- _What you have to do_: The lines from the one with "Naklejka premium colored seamless pattern" through the last line of the material below, copied exactly and free of pictures, make up the whole answer.

- _Data section_:
□ □ □

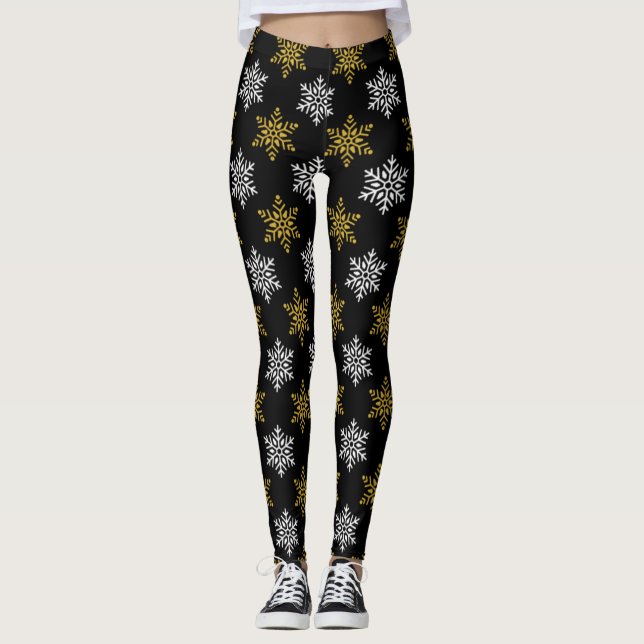 Gold Flakin Leggings (Front)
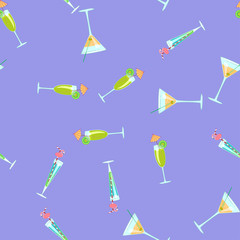 Naklejka premium colored seamless pattern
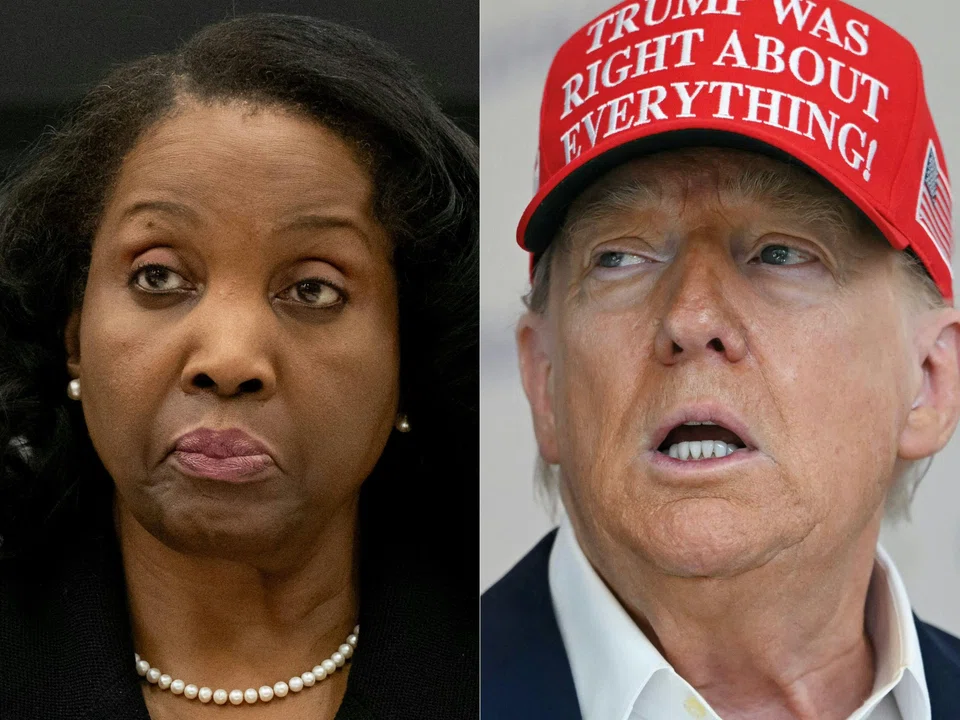 US President Donald Trump (right) moved to fire Lisa Cook (left) in late August, but the Fed has said she remains in her position.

□ □ □

- _Finished task_:
 Naklejka premium colored seamless pattern
 US President Donald Trump (right) moved to fire Lisa Cook (left) in late August, but the Fed has said she remains in her position.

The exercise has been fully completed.